It’s young hipsters, colored hair and oppression one-upsmanship. Arguing passionately for hours on forums around the internet, to see the privileges their friends online want them to see. To find out whether they should become things or not. They don’t know how to dress or behave. Television cameras pan across listless protests, and often catch the expressions of people who don’t quite know why they themselves are standing there.
‘SJW culture’ is a petri dish of people who know so little about how human social interaction and professional life works that they can concoct online ‘wars’ about social justice or ‘feminism,’ straight-faced, and cause genuine human consequences. Because of tumblr.
Lately, I often find myself wondering what I’m even doing here. And I know I’m not alone.
All of us should be better than this. You should be deeply questioning your life choices if this and this and this are the prominent public face your ideology presents to the rest of the world.
This is what the rest of the world knows about your ideology -- this, and about using the right pronouns in your absence or those attention seekers with inaginary friends they call "headmates". That’s it. You should absolutely be better than this.
You don’t want to ‘be divisive?’ Who’s being divided, except for people who are okay with an infantilized deconstruction of social justice concepts like privilege and feminism distorted to the point that it becomes a weapon to be used for selfish desires? What is there to ‘debate’?
Right, let’s say it’s a vocal minority that’s not representative of most social justice advocates. Most people, from mainstream feminists to academics, are mortified, furious, disheartened at the direction SJWs has taken the debate in the past few weeks. It’s not like there are reputable outlets publishing rational articles in favor of the SJWs’ ‘side’. Don’t give press to the harassers. Don’t blame an entire movement for a few bad apples.

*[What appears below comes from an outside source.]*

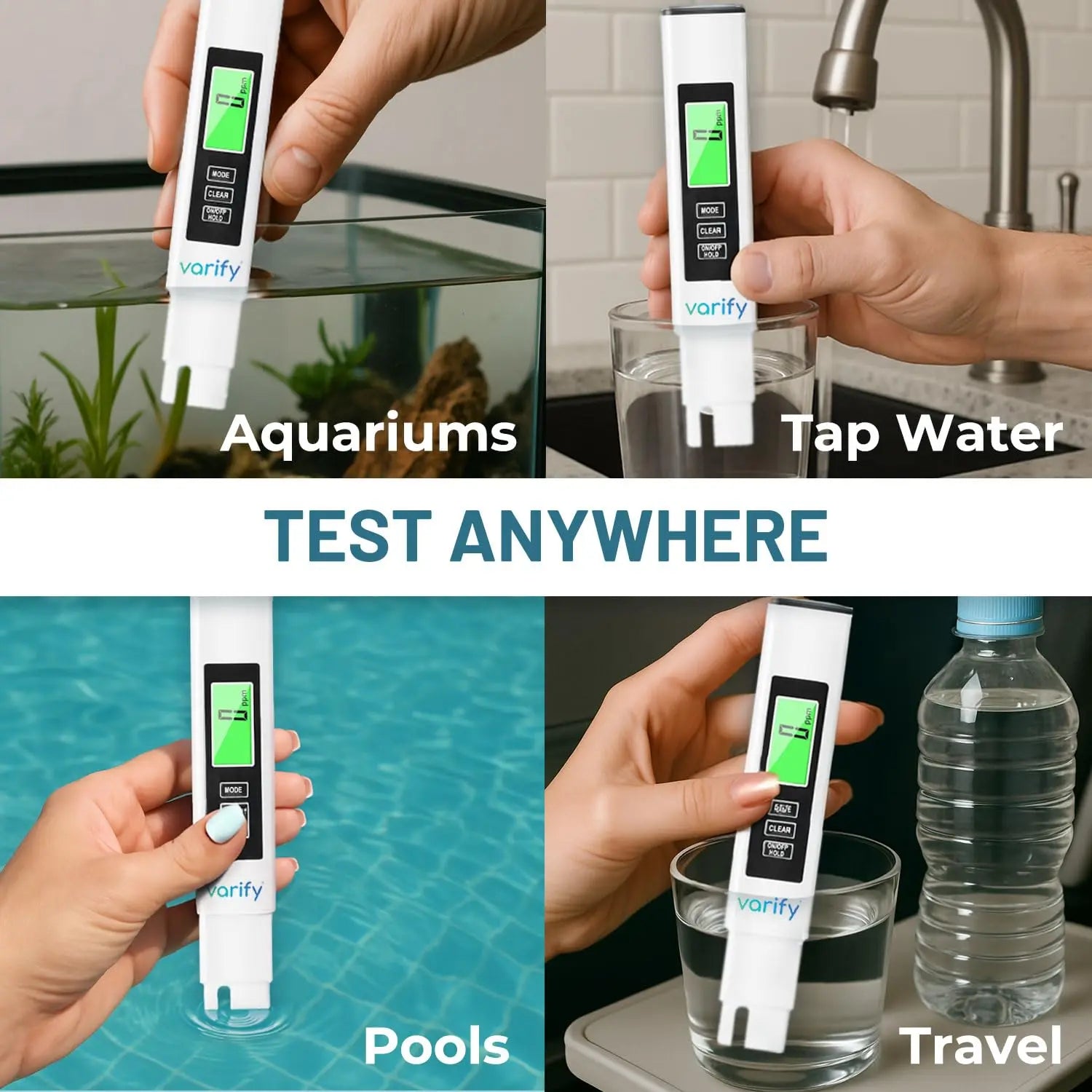 VARIFY 4-in-1 TDS Meter Digital Water Tester for Drinking Water Accurate 0-9990 PPM EC & Temp Readings Ideal for RO Systems Aquariums Pools Portable & Travel-Friendly Halloween Sales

Yet disclaiming liability is clearly no help. Social justice websites with huge community hubs whose fans are often associated with blunt Twitter hate mobs sort of shrug, they say things like ‘we delete the really bad stuff, what else can we do’ and ‘those people don’t represent our community’ -- but actually, those people do represent your community. That’s what your community is known for, whether you like it or not.

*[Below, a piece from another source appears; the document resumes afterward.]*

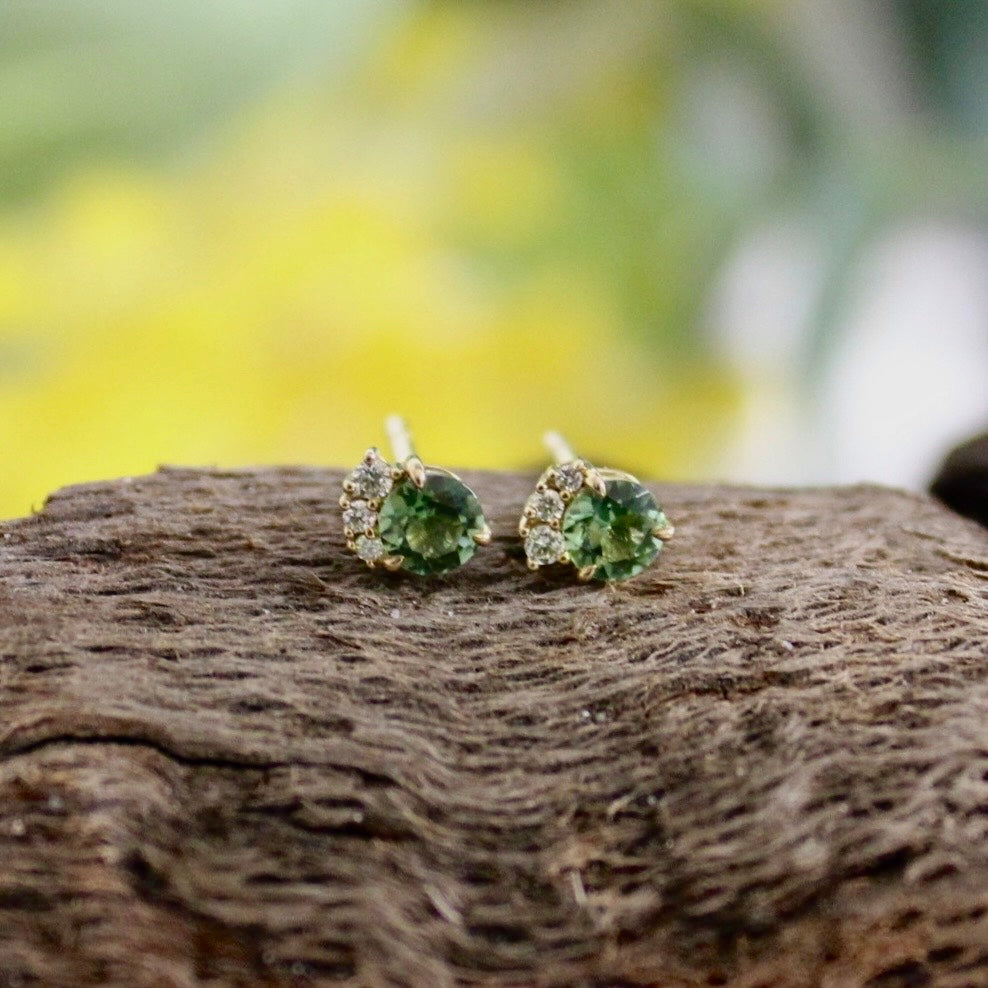 9ct Yellow Gold Round Mint Tourmaline Studs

When you decline to create or to curate any meaningful advocacy in your spaces, you’re responsible for what spawns in the vacuum. That’s what’s been happening to social justice.
That’s not super surprising, actually. While social justice itself was studied by rigorous, bright academics -- they thought tumblr would make SJ more fun, or that reddit would make for amazing cross-cultural meeting spaces -- the "warrior" arm of the form sprung up from the seductive uniqueness it offered to young adults. You know, young people who haven't formed a strong identity for themselves and who want to feel special.

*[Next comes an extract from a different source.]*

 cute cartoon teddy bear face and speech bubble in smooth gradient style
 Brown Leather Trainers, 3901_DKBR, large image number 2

Suddenly a generation of angsty teens had the internet whispering in their ears that they were the most important special snowflakes of all time. Suddenly they started wearing shiny labels and pinning oppression onto everything they did, started making image macros that sold the promise of attention and praise to kids just like them.
By 2010 that was social justice’s only main cultural signposts: Have oppression. Be special. Get attention until you find bigger form of oppression. Be an otherkin. Celebrate that. Defeat anyone who threatens you. You don’t need any context if it might stop you from being offended. You don’t need anything but sympathy for all the oppression you're feeling. Public conversation was led by a bunch of bloggers whose role was primarily to tell people to check their privilege, to score points competitively against one another, to gleefully fuel the “team sports” atmosphere around different sexualities and disorders.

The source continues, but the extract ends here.